Truth will set you Free
Nadia Stephen Publisher
Truth will set you Free
ePaper
CBC June 27, 2025
June 27, 2025: U.S. President Donald Trump ends trade talks with Canada ‘effective immediately’ over Canada’s digital services tax. The RCMP investigates an explosion outside the office of a B.C. provincial cabinet minister. And, the Toronto Raptors turf Masai Ujiri.
What is Canada's digital services tax — and why does Trump dislike it so much?
Canada's digital services tax (DST) affects mega companies that offer digital services — like online advertising or shopping — and earn more than $20 million in revenue from Canadian sources. Giant companies like Amazon, Apple, Airbnb, Google, Meta and Uber will be taxed three per cent on the money they make from Canadian users and customers.

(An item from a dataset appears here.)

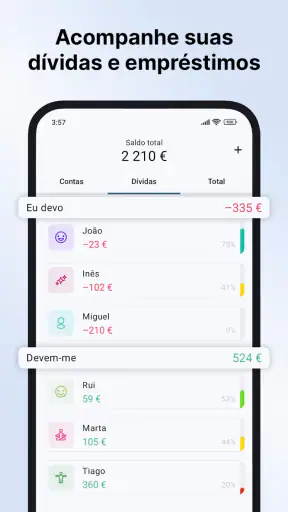 Sumlio: Gastos e Orçamento screenshot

The levy has been in place since last year, but the first payments are due starting Monday. It's retroactive to 2022, so companies will end up with a $2-billion US bill due by the end of July.
Revenue is one big benefit. The Parliamentary Budget Office estimated last year that the tax would bring in more than $7 billion over five years.

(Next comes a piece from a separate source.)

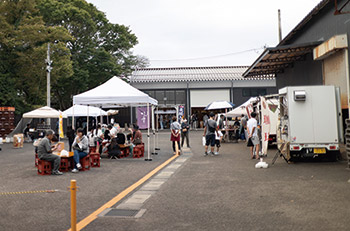 発酵街道開イベントの様子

The Liberals first promised the tax during the federal election in 2019 under former prime minister Justin Trudeau, but it was delayed for years because a number of other nations wanted to work together on one, overarching digital taxation plan that could be applied in multiple countries.
As the delays dragged on, Canada went ahead with its own tax plan.
Aside from revenue, Ottawa has pitched the DST as a way to bring the tax code up to date and capture revenues earned in Canada by firms located abroad.
What is the U.S. stance on the tax?
The United States has been hostile to the tax from the beginning because it largely affects American tech giants. Officials have argued the tax discriminates against American companies and Congress, notoriously divided between Democrats and Republicans, found a moment of common ground in criticizing Canada's plan.
The Computer & Communications Industry Association has estimated U.S. companies could pay as much as $1 billion a year in tax if the measure remains on the books.
A number of industry experts — from lawyers to cross-border groups and commerce associations — have warned for years that the tax would strain the relationship between Canada and the U.S., with one going so far as to predict in 2023 that the tax alone would be to blame for a trade war.